Jay Hanna “Dizzy” Dean (sometimes know as Jerome Herman Dean) grew up the son of a poor sharecropper in Lucas, Arkansas, and used to help his father and brother pick cotton. He dropped out of school by the fourth grade but was pitching for the high school team at age 14. He was signed by the Cardinals at the age of 18 in 1929, but pitched most of his first two seasons in the minor leagues. Dean was called up to the parent club to pitch the last game of his first season — a three-hit shutout against Pittsburgh. However, the following year Dean was sent back to Houston where he led the Texas League with 26 wins, 303 strikeouts and an ERA of 1.57.

Dean joined the “Gas House Gang” as a rookie in 1932 and continued his winning ways, posting 18 victories and led the NL in strikeouts, shutouts, and innings pitched. But has Ol’ Diz liked to say, “You ain’t seen nothin’ yet.” In 1933 he won 20 games and led the National League in strikeouts. On July 30, 1933 in the first game of a doubleheader, Dean struck out 17 Chicago Cubs batters to set a record for that time.

In fact, from 1933-36 he dominated the league, winning 102 games. He led the league in complete games each year, and averaged 50 games and more than 300 innings per season, often coming in from the bullpen between starts. In January 1934, the outspoken Dean boldly predicted the Cardinals would win the N.L. Championship and that he and his brother, Paul, would combine to win 45 games that season — an incredible prophecy because Paul had never pitched a game in the majors. The brothers, however, exceeded that prediction with Dizzy posting a 30-7 record and Paul winning 19. Dizzy led the league in wins, strikeouts, shutouts, and complete games, was second to Carl Hubbell for the ERA crown, and batted .246. He easily outdistanced Paul Waner for the MVP award. Oh yes, the Cardinals also won the pennant and Dizzy and Paul combined to win all four games of the seven-game World Series.

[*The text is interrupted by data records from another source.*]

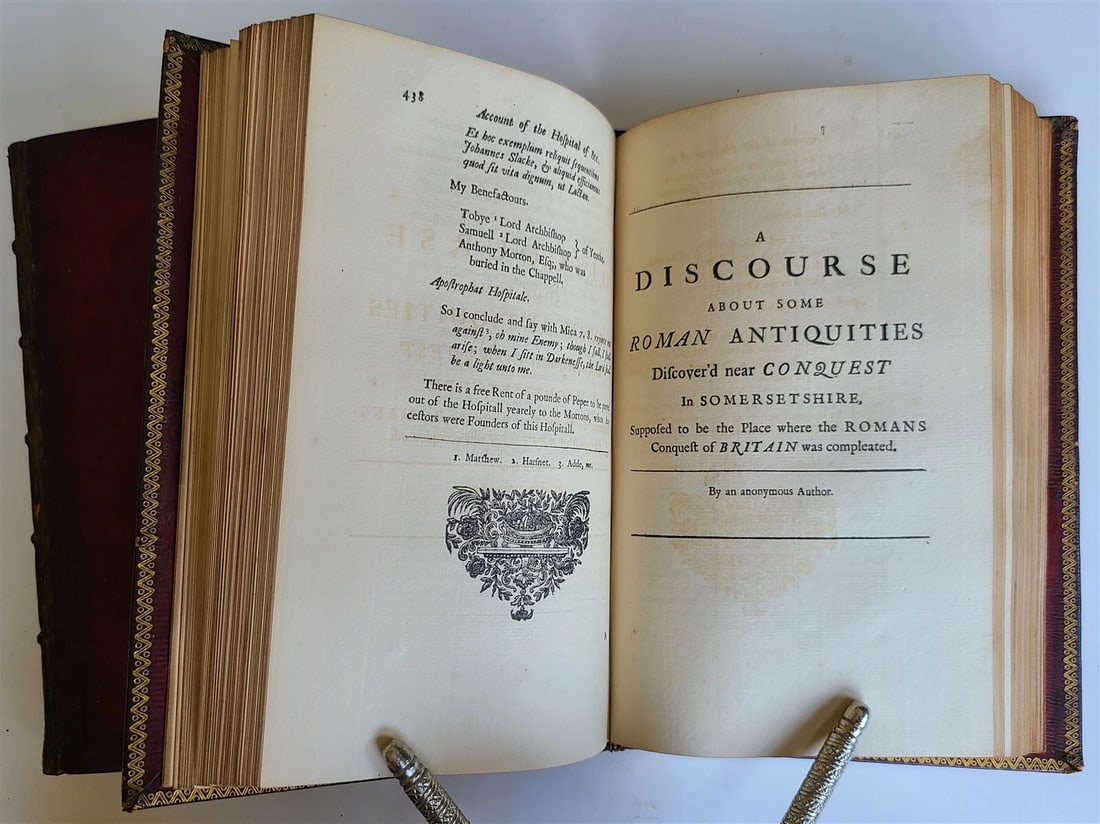 1725 PETER LANGTOFT'S CHRONICLE antique 2 VOLUMES in ENGLISH rare THOMAS HEARNE - 8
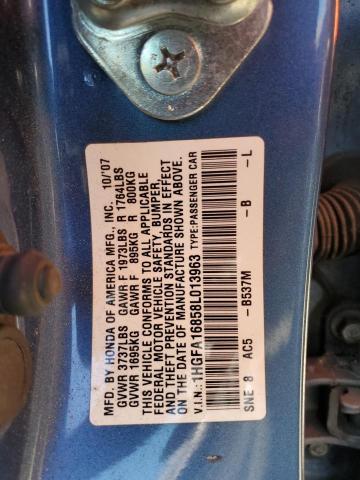 1HGFA16858L013963 - 2008 HONDA CIVIC EX Կապույտ լուսանկար 13
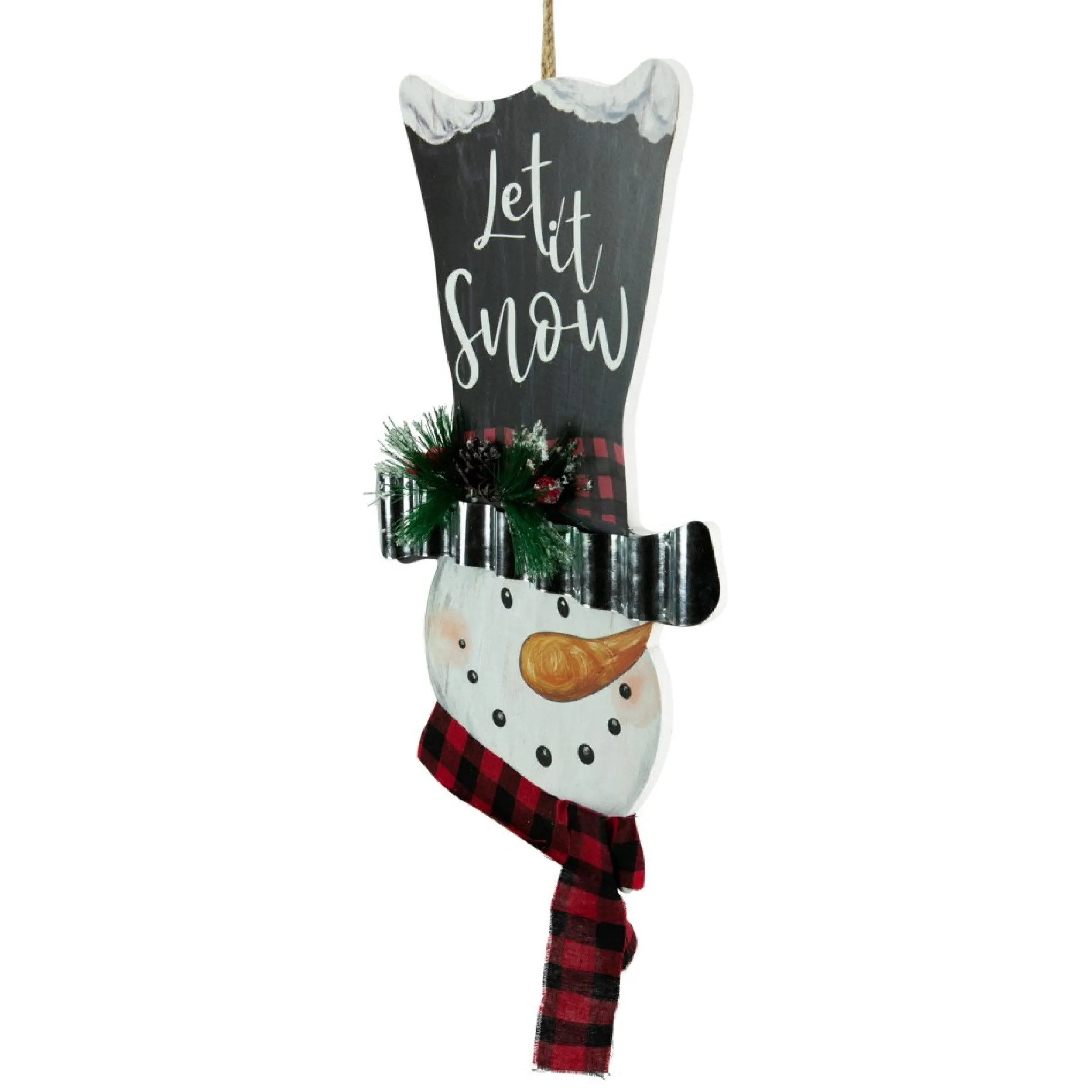 17" Wooden 'Let It Snow' Snowman With Plaid Scarf Christmas Wall Sign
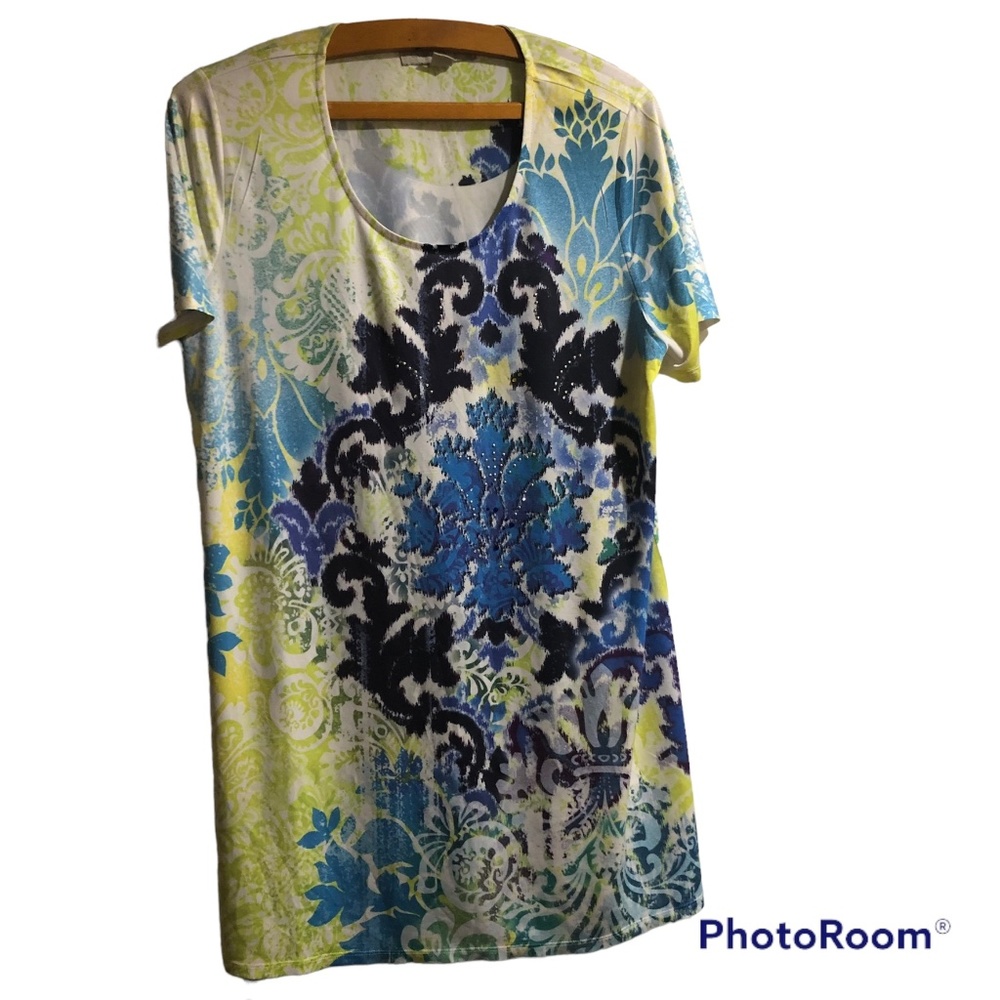 Laura Ashley Multicolored Short Sleeve Blouse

In 1935, Dean led the league for the third time with 28 wins. He also won strikeout championships in 1934 and 1935. Diz was on a roll. In fact, he won four consecutive strikeout titles and led the National League in complete games for four consecutive seasons.

Dean also served up plenty of shenanigans, making him one of baseball’s premier gate attractions. He gave reports “exclusives,” telling each he had different first and middle names  and birth places. Once, he even brought a black cat into the stadium and pretended to put a hex on the rival team.

But in 1937 tragedy struck Dean at the All-Star game. A line drive off the bat of Cleveland’s Earl Averill broke toe. The injury seemed minor at the time, but the star hurler rushed back too soon, favored his foot and altered his pitching motion. The result was that he injured his valuable right arm and lost his blazing fastball. Ineffective, Dean won less than 20 games the remainder of his career. He pitched for the Chicago Cubs (1938-41) and then pitched one game for the St. Louis Browns in 1947. That game came on the last day of the season after Dean became a broadcaster.

He took his act to the Cardinals’ broadcast booth in 1941, when the ungrammatical, chatty farm boy was an instant success. For Dean, slide became “slid, slide, slud.” Fielders “threwed” the ball, and runners returned to their “respectable” bases. English teachers cringed, but fans roared. He called games for the Cardinals (1941-46) and then for the Browns the following year. After watching many of the Browns’ badly pitched games, Dean reportedly said on the air, ” I can pitch better than nine out of the ten guys on this staff!” The Browns management, needing to sell tickets, allowed him to pitch the last game of the season. Dean, then 37, pitched four innings without allowing a run. After the game, he said of his pitching, ” I’m done. Talkin’s my game now.”

In 1950 Dean began working on the Game of The Week. He lasted as a television and radio broadcaster for two decades and was selected to the baseball Hall of Fame in 1953.